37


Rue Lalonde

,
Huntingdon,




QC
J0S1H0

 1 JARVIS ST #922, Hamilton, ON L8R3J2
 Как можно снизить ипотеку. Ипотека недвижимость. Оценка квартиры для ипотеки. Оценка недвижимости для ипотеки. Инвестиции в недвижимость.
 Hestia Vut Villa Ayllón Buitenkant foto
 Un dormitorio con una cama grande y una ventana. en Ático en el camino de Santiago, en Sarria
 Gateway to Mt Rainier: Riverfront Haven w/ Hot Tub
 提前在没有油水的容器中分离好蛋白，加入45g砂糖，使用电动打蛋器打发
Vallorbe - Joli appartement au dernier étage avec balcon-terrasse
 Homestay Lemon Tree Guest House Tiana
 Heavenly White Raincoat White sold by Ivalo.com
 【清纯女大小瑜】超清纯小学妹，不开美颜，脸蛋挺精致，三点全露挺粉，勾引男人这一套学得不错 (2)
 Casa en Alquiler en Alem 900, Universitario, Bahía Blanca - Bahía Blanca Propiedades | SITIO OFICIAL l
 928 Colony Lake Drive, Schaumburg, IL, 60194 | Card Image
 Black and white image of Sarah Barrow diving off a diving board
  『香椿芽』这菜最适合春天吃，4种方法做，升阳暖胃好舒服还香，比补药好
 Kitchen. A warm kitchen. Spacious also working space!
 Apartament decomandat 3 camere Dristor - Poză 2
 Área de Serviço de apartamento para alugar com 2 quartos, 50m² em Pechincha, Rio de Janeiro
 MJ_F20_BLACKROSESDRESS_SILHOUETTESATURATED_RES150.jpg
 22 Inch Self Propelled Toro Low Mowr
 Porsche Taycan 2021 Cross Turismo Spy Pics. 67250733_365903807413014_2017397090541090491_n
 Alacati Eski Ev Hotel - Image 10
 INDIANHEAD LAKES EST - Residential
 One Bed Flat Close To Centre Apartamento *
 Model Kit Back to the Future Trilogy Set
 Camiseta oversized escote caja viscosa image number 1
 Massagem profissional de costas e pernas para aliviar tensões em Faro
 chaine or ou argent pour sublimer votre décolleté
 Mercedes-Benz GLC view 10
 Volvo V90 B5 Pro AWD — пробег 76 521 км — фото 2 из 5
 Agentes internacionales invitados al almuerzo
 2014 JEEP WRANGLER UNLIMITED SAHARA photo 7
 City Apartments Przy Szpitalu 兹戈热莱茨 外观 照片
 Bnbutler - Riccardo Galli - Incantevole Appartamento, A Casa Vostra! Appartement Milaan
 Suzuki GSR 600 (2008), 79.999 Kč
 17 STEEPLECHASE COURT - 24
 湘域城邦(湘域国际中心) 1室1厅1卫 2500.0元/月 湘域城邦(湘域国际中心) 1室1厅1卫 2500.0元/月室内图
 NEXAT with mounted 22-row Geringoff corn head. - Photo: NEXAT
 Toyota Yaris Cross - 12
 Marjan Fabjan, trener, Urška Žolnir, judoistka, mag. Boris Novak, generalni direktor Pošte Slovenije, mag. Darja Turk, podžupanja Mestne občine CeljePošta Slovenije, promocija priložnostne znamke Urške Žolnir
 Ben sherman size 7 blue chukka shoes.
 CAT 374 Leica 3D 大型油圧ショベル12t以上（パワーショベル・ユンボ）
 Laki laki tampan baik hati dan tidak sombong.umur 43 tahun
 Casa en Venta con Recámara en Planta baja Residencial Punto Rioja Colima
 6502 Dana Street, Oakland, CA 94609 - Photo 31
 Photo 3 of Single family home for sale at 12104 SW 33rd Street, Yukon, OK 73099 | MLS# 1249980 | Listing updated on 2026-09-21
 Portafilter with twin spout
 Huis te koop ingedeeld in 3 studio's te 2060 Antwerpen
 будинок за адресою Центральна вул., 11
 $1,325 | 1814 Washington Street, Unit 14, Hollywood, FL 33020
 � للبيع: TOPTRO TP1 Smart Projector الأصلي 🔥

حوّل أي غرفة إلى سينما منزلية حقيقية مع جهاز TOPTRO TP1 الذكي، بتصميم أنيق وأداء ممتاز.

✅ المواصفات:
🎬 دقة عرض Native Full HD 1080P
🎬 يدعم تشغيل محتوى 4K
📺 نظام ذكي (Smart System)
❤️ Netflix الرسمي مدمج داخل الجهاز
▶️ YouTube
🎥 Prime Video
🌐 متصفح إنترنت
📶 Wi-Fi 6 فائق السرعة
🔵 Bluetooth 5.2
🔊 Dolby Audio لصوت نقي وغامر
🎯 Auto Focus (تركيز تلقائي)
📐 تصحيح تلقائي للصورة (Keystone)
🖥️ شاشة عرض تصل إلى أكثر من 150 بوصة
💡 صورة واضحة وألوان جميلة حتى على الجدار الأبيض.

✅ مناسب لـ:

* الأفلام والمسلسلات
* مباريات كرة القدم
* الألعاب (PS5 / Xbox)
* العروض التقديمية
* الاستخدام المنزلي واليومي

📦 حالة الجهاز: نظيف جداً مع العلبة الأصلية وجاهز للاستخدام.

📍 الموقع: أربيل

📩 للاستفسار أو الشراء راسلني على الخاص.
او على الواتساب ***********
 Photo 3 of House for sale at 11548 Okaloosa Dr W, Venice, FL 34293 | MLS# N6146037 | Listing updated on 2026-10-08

● ● ●

**Task to carry out:** Wherever the word "sale" appears in the listing, copy the line that holds it.

**Task answer:**
 Photo 3 of Single family home for sale at 12104 SW 33rd Street, Yukon, OK 73099 | MLS# 1249980 | Listing updated on 2026-09-21
 Photo 3 of House for sale at 11548 Okaloosa Dr W, Venice, FL 34293 | MLS# N6146037 | Listing updated on 2026-10-08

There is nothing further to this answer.